#3 Hendrik als vermessenes Selbst

Hendrik kommt zu Hause an und öffnet die Fenster – die Abendluft ist noch mild. Er legt sich aufs Bett und scrollt wie fast jeden Abend durch Instagram und Facebook: Anika schnorchelt gerade auf den Malediven. Benny schreibt noch immer an seiner Masterarbeit. War klar. Und Adidas promotet seinen neuen Laufschuh. 

Nachdem er alle News durchgescrollt hat, wandern seine Finger beinahe automatisch zur Runtastic-App. Tatsächlich – im Newsfeed wird ihm angezeigt, dass Sonja gerade noch laufen war.

Sie macht es richtig, denkt Hendrik sich und rollt sich auf den Bauch. Zu dieser Uhrzeit hätte er auch viel mehr Lust, eine Runde zu drehen, als sich morgens direkt nach dem Aufstehen in den Park zu quälen.

Ihre Laufdaten sind wieder mal fantastisch. Kein Vergleich zu seinen.
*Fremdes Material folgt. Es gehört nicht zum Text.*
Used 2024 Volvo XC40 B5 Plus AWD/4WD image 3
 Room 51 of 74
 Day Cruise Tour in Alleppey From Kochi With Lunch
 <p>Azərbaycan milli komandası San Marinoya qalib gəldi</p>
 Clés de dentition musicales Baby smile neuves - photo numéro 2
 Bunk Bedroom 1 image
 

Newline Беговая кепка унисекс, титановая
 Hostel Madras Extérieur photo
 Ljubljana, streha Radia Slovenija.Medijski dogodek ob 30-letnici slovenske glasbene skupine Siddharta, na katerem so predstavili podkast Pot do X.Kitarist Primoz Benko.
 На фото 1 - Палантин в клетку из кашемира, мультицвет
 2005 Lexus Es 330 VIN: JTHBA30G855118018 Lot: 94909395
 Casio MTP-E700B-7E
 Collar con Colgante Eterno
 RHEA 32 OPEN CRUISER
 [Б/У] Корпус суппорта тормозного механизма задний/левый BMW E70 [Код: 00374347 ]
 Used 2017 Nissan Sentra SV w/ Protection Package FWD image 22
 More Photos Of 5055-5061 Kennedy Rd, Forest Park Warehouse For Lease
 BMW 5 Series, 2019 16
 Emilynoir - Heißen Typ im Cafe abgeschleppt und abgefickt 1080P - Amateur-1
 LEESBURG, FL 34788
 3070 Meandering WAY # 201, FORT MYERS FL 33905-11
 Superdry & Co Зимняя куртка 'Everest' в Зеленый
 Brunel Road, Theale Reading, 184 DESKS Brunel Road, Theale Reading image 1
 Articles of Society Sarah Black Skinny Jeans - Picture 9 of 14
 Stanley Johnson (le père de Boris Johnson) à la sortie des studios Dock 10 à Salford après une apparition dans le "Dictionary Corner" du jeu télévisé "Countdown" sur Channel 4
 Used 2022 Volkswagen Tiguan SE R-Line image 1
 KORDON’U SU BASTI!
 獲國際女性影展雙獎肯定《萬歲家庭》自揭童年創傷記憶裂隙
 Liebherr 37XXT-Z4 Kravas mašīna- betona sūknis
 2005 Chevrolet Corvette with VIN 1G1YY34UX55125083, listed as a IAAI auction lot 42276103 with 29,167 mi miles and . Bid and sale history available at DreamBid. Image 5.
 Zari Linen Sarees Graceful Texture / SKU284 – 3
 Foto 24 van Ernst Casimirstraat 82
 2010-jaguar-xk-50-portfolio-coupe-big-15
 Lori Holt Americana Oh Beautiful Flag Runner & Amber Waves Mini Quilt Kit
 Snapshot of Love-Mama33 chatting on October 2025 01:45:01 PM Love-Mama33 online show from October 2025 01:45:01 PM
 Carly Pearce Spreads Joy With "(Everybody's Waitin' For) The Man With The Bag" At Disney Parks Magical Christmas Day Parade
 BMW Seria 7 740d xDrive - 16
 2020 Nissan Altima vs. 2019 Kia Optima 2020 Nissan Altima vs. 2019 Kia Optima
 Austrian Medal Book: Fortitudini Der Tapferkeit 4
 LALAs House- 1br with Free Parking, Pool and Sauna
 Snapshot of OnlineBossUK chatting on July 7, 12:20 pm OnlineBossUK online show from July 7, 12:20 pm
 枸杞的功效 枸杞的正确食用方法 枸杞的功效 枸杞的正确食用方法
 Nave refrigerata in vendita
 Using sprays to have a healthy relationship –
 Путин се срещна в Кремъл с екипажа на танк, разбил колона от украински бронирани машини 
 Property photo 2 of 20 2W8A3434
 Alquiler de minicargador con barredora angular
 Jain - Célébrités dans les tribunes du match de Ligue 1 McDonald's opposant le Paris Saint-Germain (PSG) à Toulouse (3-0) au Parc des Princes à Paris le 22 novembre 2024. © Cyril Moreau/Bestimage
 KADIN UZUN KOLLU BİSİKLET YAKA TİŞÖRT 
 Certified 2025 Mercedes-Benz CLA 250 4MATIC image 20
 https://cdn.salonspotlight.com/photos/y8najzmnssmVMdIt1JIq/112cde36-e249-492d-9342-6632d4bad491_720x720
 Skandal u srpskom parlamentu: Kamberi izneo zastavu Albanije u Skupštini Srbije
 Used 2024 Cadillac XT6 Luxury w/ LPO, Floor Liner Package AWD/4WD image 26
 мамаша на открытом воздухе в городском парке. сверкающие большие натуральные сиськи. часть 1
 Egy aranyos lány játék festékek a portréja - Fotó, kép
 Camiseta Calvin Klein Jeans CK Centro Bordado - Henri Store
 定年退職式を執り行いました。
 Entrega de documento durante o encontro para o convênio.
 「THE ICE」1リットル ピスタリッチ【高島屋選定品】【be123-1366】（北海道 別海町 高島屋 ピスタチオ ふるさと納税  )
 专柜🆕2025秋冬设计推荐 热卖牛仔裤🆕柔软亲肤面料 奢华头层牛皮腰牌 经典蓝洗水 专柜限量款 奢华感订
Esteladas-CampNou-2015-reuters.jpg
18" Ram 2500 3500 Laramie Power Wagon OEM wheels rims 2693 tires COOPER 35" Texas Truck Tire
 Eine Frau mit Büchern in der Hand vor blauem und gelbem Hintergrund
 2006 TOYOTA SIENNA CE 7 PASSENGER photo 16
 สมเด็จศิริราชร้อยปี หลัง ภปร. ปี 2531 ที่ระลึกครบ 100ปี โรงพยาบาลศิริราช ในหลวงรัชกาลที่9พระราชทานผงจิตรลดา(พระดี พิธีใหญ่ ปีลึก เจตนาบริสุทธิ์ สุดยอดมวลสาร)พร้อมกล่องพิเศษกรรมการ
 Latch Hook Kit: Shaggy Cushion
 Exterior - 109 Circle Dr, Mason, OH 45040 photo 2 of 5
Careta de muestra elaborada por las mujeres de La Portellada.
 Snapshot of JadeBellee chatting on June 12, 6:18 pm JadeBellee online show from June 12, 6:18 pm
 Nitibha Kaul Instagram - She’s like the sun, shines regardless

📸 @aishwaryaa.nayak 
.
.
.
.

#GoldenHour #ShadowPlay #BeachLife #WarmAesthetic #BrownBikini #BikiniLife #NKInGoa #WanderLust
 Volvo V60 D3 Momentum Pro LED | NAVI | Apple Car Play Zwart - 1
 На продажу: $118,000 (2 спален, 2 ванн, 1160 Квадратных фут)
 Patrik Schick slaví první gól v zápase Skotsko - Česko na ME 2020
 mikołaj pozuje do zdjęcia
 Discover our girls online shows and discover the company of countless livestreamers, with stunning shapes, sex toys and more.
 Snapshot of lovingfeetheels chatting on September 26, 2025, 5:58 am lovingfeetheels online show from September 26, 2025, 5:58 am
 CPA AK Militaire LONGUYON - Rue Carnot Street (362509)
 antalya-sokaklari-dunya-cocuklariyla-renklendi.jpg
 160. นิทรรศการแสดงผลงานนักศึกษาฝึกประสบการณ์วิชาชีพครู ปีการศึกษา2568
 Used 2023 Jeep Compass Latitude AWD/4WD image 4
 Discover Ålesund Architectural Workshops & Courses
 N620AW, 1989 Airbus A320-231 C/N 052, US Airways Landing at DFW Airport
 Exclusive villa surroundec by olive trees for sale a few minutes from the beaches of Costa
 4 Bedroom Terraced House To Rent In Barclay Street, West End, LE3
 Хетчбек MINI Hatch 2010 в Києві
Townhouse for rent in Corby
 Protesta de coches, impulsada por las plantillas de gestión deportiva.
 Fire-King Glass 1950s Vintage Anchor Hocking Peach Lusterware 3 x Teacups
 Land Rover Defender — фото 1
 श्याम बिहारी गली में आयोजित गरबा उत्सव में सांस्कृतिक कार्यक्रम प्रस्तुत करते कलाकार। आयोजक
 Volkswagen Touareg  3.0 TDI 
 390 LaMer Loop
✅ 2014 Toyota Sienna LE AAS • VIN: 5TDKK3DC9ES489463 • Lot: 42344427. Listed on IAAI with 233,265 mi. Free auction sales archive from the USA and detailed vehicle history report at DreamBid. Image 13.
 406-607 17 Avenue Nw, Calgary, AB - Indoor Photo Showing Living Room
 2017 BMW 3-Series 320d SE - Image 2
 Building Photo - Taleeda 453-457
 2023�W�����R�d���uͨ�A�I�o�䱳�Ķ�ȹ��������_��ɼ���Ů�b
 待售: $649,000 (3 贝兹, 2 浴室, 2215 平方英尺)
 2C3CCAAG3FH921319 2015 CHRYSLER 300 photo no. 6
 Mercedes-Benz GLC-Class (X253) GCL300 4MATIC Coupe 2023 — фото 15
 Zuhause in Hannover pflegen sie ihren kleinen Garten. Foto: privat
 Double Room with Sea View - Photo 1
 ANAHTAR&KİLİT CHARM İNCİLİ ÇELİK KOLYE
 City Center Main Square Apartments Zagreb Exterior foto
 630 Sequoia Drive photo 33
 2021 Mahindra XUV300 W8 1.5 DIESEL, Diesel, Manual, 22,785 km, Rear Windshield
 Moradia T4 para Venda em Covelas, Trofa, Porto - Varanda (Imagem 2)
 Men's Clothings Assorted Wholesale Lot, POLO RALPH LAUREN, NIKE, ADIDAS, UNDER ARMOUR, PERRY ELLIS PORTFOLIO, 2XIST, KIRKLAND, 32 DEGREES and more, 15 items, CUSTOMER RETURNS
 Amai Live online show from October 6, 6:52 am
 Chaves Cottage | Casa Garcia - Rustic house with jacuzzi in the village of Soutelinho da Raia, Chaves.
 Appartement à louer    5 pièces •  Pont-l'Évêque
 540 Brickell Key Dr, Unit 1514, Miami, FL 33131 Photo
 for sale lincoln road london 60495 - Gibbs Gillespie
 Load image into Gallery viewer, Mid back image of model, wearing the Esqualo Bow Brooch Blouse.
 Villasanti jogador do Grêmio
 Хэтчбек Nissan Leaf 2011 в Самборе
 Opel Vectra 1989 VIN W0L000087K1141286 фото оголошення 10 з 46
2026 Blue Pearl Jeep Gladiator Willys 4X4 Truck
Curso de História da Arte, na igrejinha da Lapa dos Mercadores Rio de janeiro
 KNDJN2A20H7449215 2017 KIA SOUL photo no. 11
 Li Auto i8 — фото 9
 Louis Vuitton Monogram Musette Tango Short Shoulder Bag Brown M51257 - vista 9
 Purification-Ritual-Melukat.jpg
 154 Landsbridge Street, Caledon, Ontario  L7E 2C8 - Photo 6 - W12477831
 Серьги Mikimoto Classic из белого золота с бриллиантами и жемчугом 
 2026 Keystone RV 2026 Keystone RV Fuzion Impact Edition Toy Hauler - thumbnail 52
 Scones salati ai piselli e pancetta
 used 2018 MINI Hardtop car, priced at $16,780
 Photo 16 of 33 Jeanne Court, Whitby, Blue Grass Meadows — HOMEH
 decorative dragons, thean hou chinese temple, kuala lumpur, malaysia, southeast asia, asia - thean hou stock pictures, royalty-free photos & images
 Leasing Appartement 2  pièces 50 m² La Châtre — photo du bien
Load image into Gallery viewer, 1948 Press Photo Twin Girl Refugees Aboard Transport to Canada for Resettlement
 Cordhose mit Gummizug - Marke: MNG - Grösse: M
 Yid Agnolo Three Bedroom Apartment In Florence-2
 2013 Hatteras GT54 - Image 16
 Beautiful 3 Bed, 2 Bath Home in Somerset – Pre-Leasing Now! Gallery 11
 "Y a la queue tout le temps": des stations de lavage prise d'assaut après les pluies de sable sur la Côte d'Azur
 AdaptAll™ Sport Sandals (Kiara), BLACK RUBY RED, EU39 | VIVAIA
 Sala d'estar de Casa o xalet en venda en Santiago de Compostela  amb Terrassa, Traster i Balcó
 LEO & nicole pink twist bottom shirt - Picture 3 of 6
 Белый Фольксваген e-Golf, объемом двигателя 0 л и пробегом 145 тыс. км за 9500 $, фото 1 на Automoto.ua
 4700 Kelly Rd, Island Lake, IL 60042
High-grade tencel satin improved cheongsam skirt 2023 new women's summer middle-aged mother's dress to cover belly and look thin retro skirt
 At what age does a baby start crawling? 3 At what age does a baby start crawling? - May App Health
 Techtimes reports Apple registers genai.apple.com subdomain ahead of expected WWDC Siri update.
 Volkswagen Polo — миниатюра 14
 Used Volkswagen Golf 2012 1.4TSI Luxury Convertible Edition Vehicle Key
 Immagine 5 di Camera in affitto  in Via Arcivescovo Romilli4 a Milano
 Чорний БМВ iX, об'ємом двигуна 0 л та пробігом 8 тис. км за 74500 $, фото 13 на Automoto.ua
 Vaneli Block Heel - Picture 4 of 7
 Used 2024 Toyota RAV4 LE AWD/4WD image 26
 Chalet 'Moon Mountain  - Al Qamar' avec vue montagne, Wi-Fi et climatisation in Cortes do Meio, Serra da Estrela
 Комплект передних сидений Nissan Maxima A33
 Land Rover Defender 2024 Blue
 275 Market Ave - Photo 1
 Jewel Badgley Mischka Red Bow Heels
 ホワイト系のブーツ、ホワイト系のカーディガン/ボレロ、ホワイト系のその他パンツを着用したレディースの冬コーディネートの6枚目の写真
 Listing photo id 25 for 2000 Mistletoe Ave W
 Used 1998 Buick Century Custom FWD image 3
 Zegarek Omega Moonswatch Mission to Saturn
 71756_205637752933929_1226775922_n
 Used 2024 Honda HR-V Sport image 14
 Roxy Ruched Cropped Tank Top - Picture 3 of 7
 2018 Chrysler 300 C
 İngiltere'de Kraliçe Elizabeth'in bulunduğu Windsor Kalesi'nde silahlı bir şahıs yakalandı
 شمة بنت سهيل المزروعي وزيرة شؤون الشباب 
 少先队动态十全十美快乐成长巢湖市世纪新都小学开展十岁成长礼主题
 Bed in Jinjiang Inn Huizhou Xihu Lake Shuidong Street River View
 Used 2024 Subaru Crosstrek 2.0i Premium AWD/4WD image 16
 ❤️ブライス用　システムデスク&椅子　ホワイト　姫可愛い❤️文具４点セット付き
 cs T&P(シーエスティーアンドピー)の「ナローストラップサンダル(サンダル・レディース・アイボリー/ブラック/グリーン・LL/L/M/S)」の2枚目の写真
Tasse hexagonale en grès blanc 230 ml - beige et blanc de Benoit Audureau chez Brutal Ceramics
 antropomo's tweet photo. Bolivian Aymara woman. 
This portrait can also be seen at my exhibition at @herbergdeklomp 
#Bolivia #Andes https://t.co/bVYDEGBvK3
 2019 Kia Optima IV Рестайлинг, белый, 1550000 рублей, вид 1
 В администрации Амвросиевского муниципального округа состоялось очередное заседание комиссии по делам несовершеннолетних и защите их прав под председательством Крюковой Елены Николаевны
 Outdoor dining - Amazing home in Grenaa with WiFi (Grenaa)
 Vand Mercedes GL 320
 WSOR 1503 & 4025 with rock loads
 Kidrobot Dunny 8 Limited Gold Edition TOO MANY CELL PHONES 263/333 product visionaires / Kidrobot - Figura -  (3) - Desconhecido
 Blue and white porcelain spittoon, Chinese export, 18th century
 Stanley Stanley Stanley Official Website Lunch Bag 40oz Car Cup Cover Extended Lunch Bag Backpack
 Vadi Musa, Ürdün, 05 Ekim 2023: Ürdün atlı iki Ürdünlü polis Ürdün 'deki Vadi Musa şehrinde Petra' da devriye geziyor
Überhaupt – er hat in den letzten Tagen wirklich nachgelassen, wenn er seine Läufe mit denen von vor zwei Wochen vergleicht: Er lief mehr Kilometer in derselben Zeit, verbrannte dadurch mehr Kalorien, seine Pace war besser und die rot gefärbten Streckenabschnitte – die seine Schnelligkeit symbolisieren – traten gehäuft auf. Bei seinem Lauf gestern ist fast die gesamte Strecke grün. Mist. 

Er hat sich auch besser gefühlt, wie ihm die Smileys verraten, die er selbst nach jedem Lauf ausgewählt hat. Von einem Fortschritt kann daher nicht die Rede sein. Auch wenn ihm die App das so schön weiß machen will mit ihrem Balkendiagramm als Icon. Sein Diagramm würde eher wieder absinken, statt steil in die Höhe zu schießen.

Grimmig schließt Hendrik die App – sie macht ihm schlechte Laune. Stattdessen öffnet er YAZIO und schaut, wie viele Kalorien er noch für sein Abendessen übrig hat. Verdammt. Wieder mal hat er vergessen, sein Wasser einzutragen. Dabei ist viel trinken doch wichtig. Und Hendrik weiß auch, dass es nichts nützt, das Wasser für einen gesamten Tag auf einmal in sich hinein zu schütten. 

Er überlegt, ob es zwei oder drei Gläser waren, die er nachmittags noch im Büro getrunken hat. Es macht ihn ein wenig wütend, dass er jetzt wegen seiner eigenen Schusseligkeit nicht mehr nachvollziehen kann, wie viel Wasser er den Tag über zu sich genommen hat. 

Aber ist das wirklich so wichtig? Eine leise Stimme meldet sich in seinem Hinterkopf.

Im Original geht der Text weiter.